The Deir Yassin Remembered Blog

Report on Beth Israel vigil 01-31-15

Posted on February 6th, 2015 at 1:55 pm by

Why say “Jewish” when you can say “White” (and dodge responsibility)?

Pictured below is Anna Baltzer, peace activist and National Organizer with the US Campaign to End the Israeli Occupation, She’s holding a sign reading “Challenge White Supremacy”. Sounds like a reasonable claim, until you visit her own web page and find out Anna is Jewish, and in the first paragraph reminds her visitors of “the type of persecution that had plagued families like mine throughout history”.

Two things of note here: First, by informing visitors that she’s Jewish, she utilizes basic Jewish Power (“as a Jew …”) without identifying, nor challenging, that power. Second: she lays the “Jews as eternal, innocent victim” card right on the table before the betting has even begun.

Baltzer
http://www-personal.umich.edu/~hersko/Photos/Baltzer.jpg

So why are Jewish activists (Anna is certainly not alone, and this report is not intended attack her personally) claiming that we must fight “white supremacy” when the state they are purportedly criticizing is a “Jewish” state? Why does the Jewish Anna feel it proper to challenge white supremacy when it is the Jewish supremacists in her own community that openly and actively support the supremacy of the Jewish State?

Anna must certainly know that Theodore Herzl wrote “Der Judenstaat”, and not “Der Weißenstaat”. She must know that Israel’s own Declaration of Statehood proclaims “the establishment of a Jewish state in Eretz-Israel, to be known as the state of Israel.” She must be aware that white Americans cannot make Aliyah to the Jewish state unless they are Jewish. It wouldn’t make much sense for white non-Jews to attempt Aliyah, because IT IS NOT THE WHITE STATE. White Christians can be Zionists, but they – unlike Anna – can not be citizens of the Jewish state.

Listen to what Malcolm X said when addressing sympathetic whites who wanted to join his movement: “Where the really sincere white people have got to do their ‘proving’ of themselves is not among the black victims, but out there on the battle lines of where America’s racism really is – and that’s in their own home communities.”*

Malcolm might have counseled Anna, thus: “Where really sincere American Jews have got have got to do their ‘proving’ of themselves is not among the Palestinian victims, but out there on the battle lines where Israel’s racism really is – and that’s in their own Jewish communities in the United States.” But Anna doesn’t do this.
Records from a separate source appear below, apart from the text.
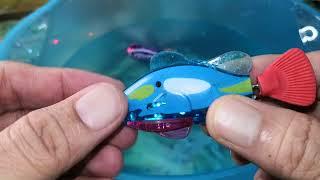 REVIEW Mainan Robot Ikan/Swimming Robofish Activated Battery Powered Robo Fish Toy Fish Shopee zuru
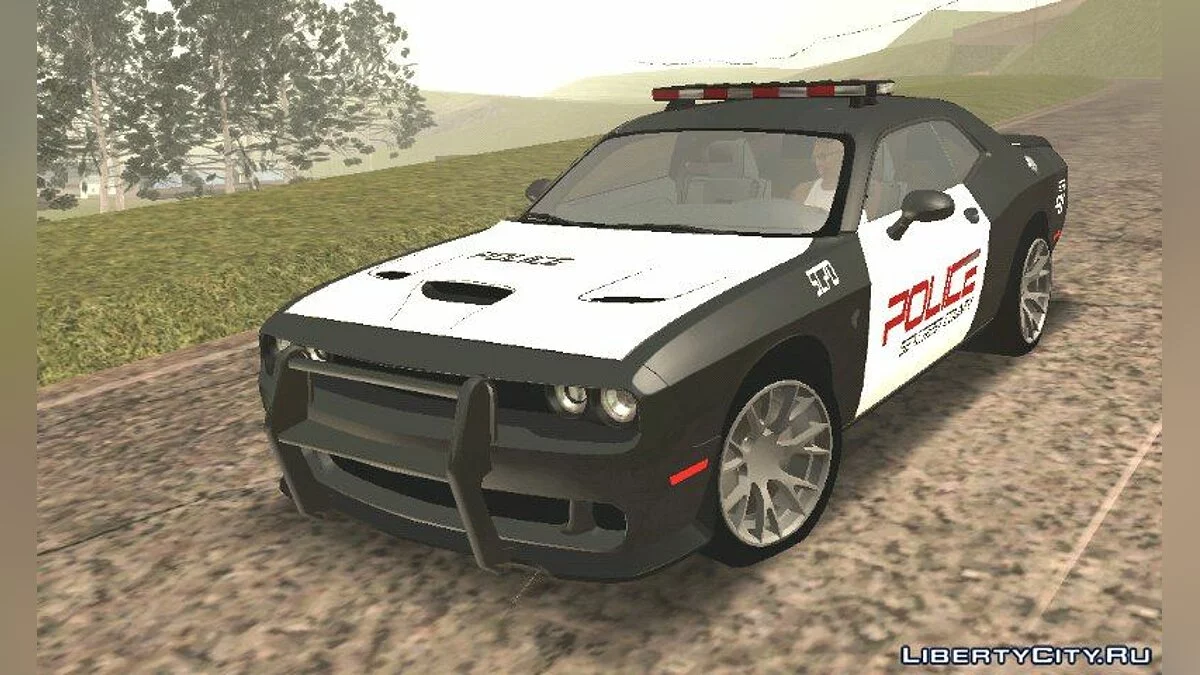 Dodge Chellenger SRT HellCat Police (только DFF) / GTA San Andreas (iOS, Android)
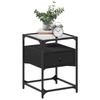 VidaXL Bedside Tables 2 Pcs Black 40x40x55 Cm Engineered Wood, Bedside Furniture, Side Table, Bed Cabinet, Cabinet 846075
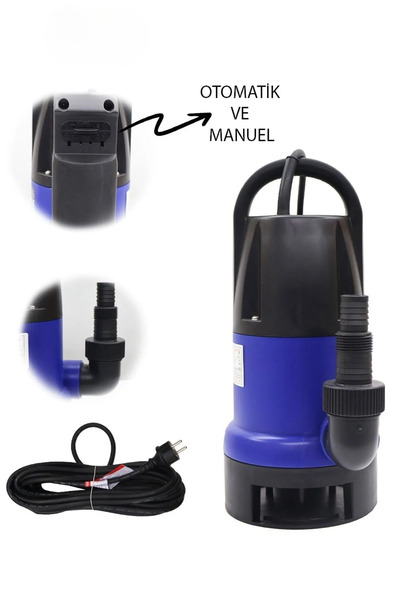 RAXTOR 400 w Gizli Şamandıralı Su Dalgıç Pompa Tahliye Pompası Havuz Pompası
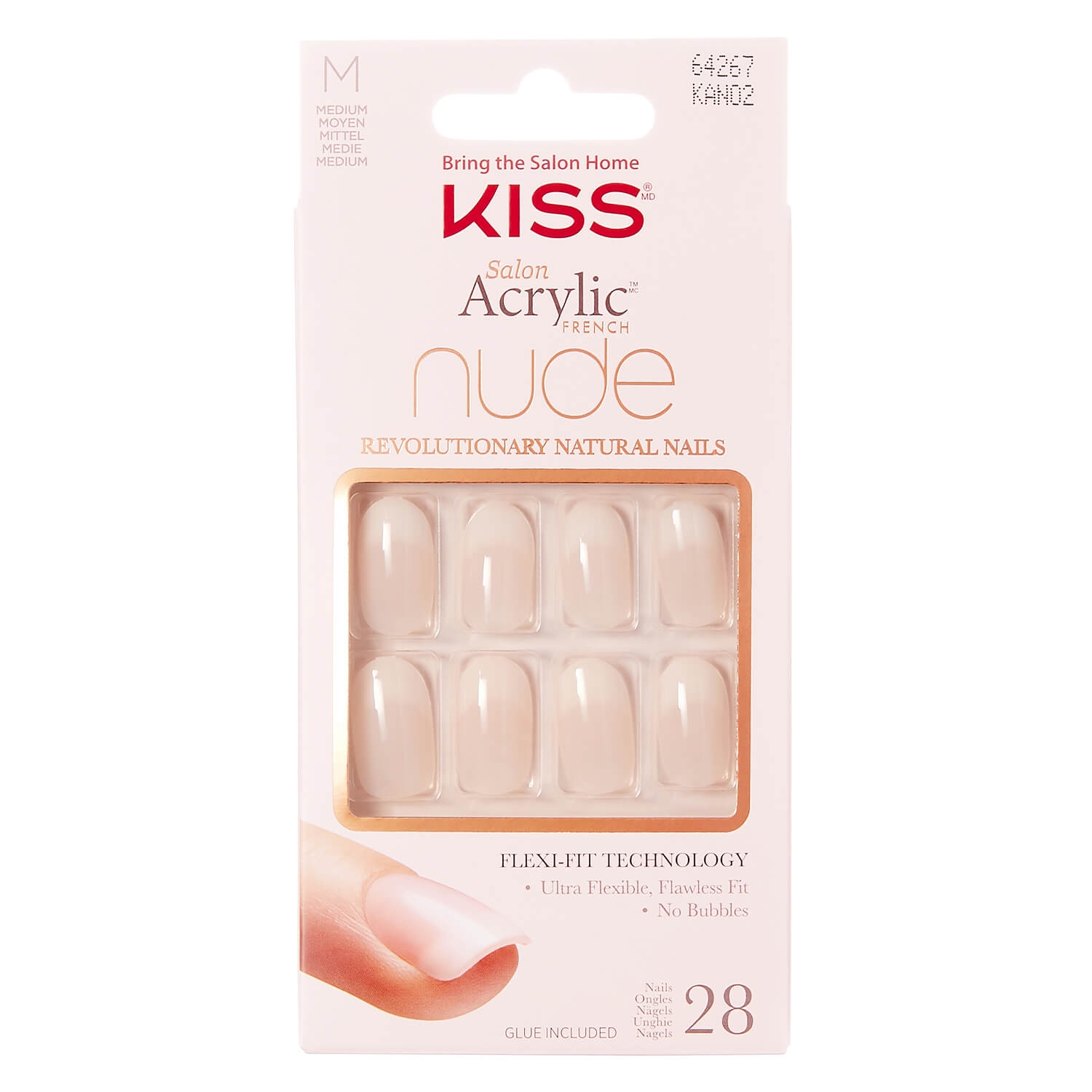 Produktbild von KISS Nails - Salon Acryl Nude Graceful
She and scores of other Jews in the peace movement have consistently avoided the responsibility of holding fellow Jews accountable for their support of the crimes of the Jewish state.
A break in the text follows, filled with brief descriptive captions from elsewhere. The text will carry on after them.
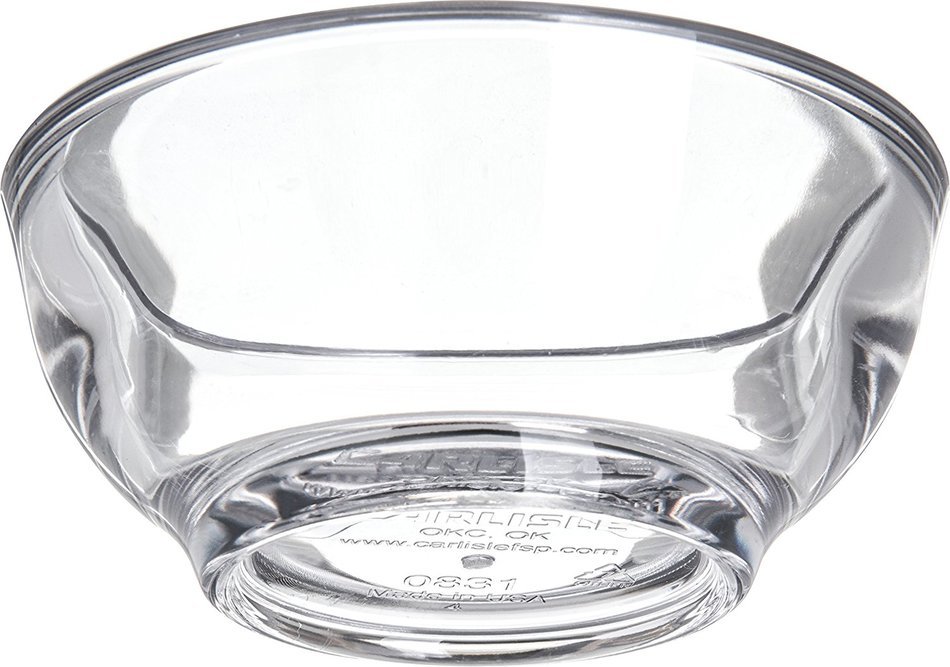 Carlisle 083107 SAN Souffle Cup, 2.5 oz Capacity, Clear (Case of 144) N4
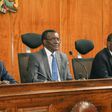 Chief Justice David Maraga during the swearing in of new magistrates (Twitter)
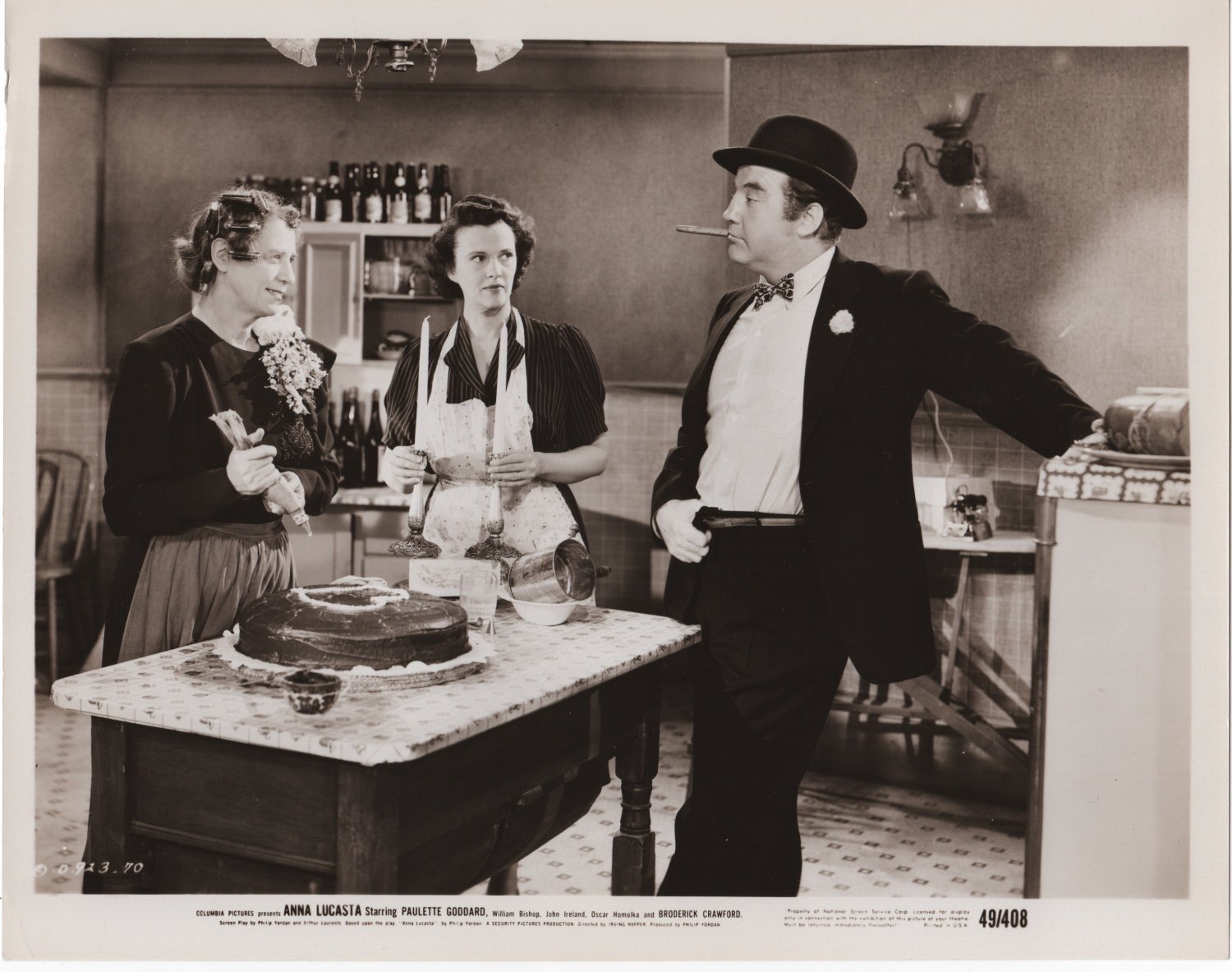 Broderick Crawford Grayce Hampton Gale Page 1949 Film Noir Original Photo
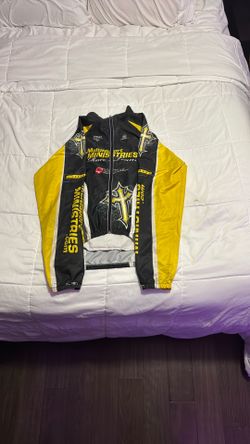 Chrome Hearts style racing jacket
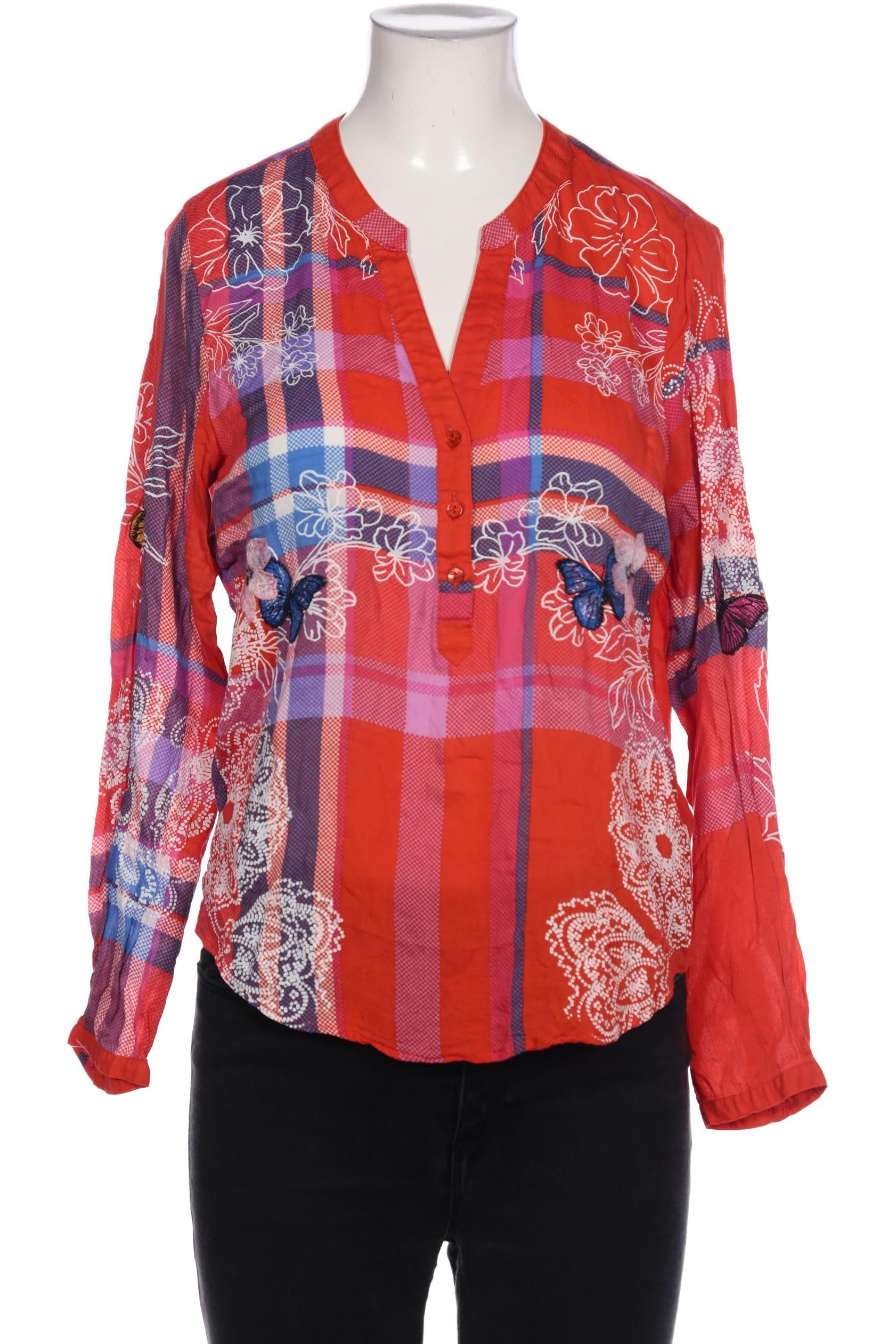 

Desigual Damen Bluse, orange, Gr. 36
Eleven years ago, Jewish Witnesses for Peace and Friends invited Anna to stand with us, and she refused, on two separate occasions. The last we looked there were at least seven synagogues in the St. Louis area, where Anna is located. Do any of these synagogues dispute Elliott Abrams’ observation, “Where is it possible to find a group of Jews who are committed to Israel, and whose children are likely to honor that commitment? The answer is, in a synagogue on the Sabbath”? Readers should inform us forthwith if any of these synagogues do not support Israel’s claimed right to exist as a Jewish state.

Maybe Anna is just trying to trick the St. Louis black community into believing that Jews share the same oppressed status as blacks, when American Jews like Anna experience extremely high rates of economic and educational success, and have disproportionate influence in public arenas such as banking, law, government, media and the arts, even in pro-Palestinian activism.
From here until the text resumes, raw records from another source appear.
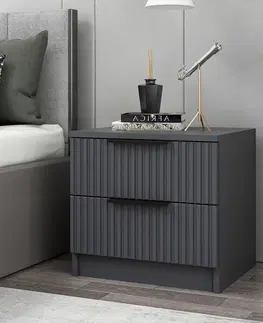 Konferenčné stolíky Nočný stolík Kale Plus Anthracite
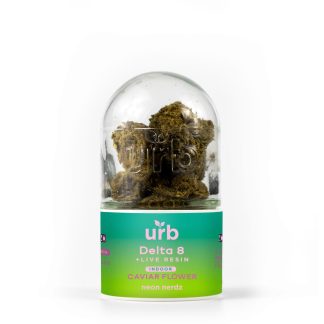 URB Delta 8 Live Resin Caviar Flower – Neon Nerdz (*)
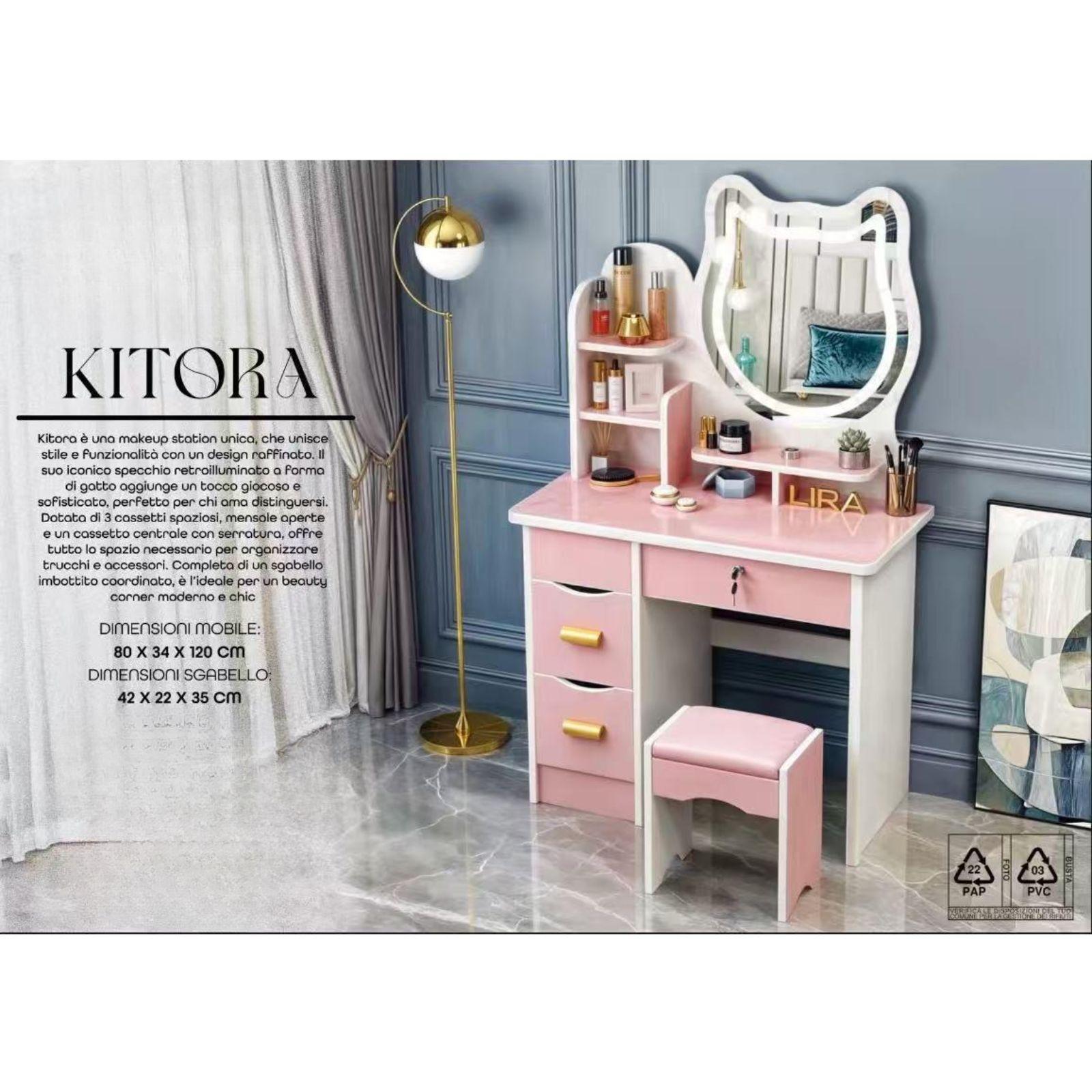  toeletta trucco kitora rosa - foto 2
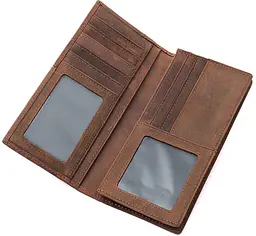 Чоловічий шкіряний гаманець Vintage 9х18 см acs0016061 - мініатюра 4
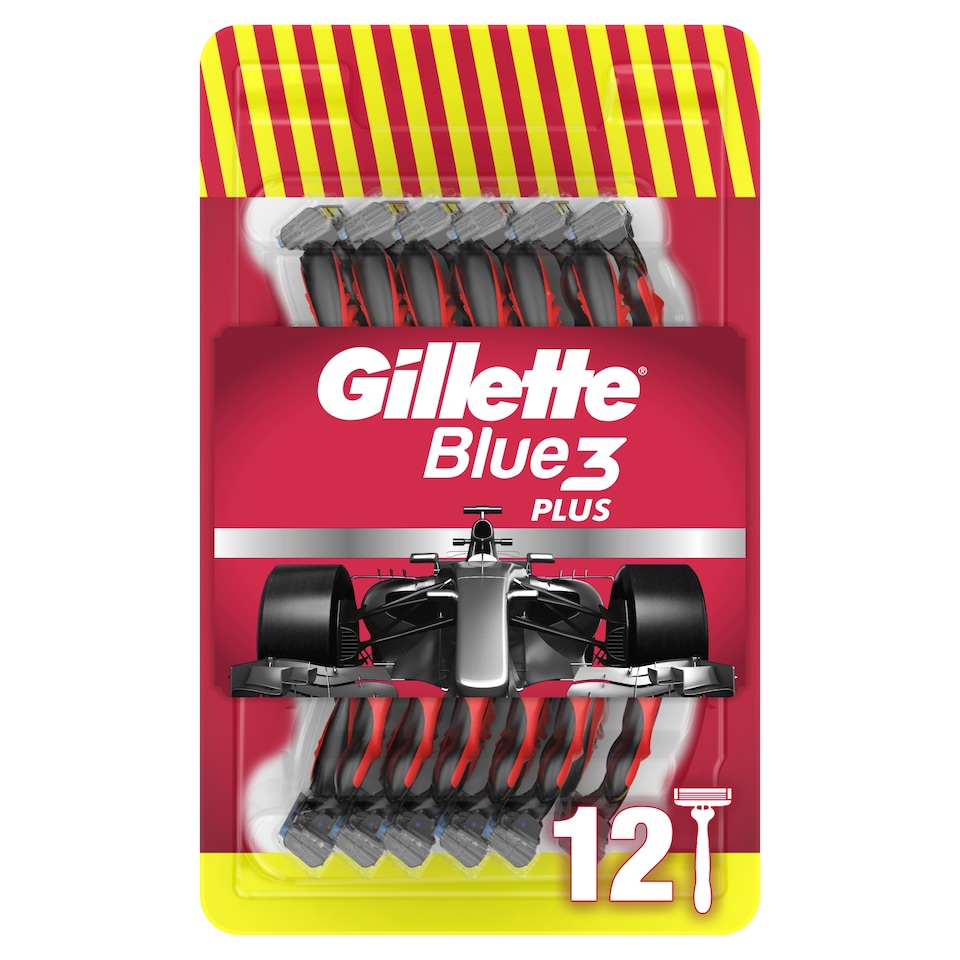 Obrázek 1 pro produkt Gillette Blue3 Plus Comfort, Jednorázové Holící Strojky Pro Muže, Balení Holících Strojků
But whatever her reasons for carrying such a sign, she abandons her duty to challenge Jewish supremacy. She hides behind the mask of fighting the straw man called white supremacy. White supremacist South Africa was defeated three decades ago. It’s time that Jewish activists like Anna to set her sights on challenging the Jewish supremacism that surrounds her and work to peacefully dismantle the Jewish state.

Comments?

Four vigilers
Henry Herskovitz
Jewish Witnesses for Peace and Friends
Free speech or selective speech?

* The Autobiography of Malcolm X, pp 383-384
(for an on-topic interview with Malcolm, click here)

2 Responses to “Report on Beth Israel vigil 01-31-15”

  1. Ibrahim

    That is exactly why people like Henry Herskovitz, Gilad Atzmon, and Ilan Pappe have earned a very great deal of my respect…………My hat is off, Henry.

  2. Francis Clark-Lowes

    What you write is very true. A majority of Jews, I’m afraid, will do anything to avoid the real issue. For to face it would be disloyal, and that carries penalties as well as cognitive dissonance. Unfortunately when it comes to Jewish matters many non-Jews behave in the same way. The Holocaust is not just a Jewish religion but a Western one, and as a result many people, especially those on the left, feel they mustn’t say anything negative about Jews. Hence the constant insistence on separating the inseparable, that is Zionism and Jewishness. Campaigners even lecture the Palestinians on the wickedness of using the J instead of the Z word.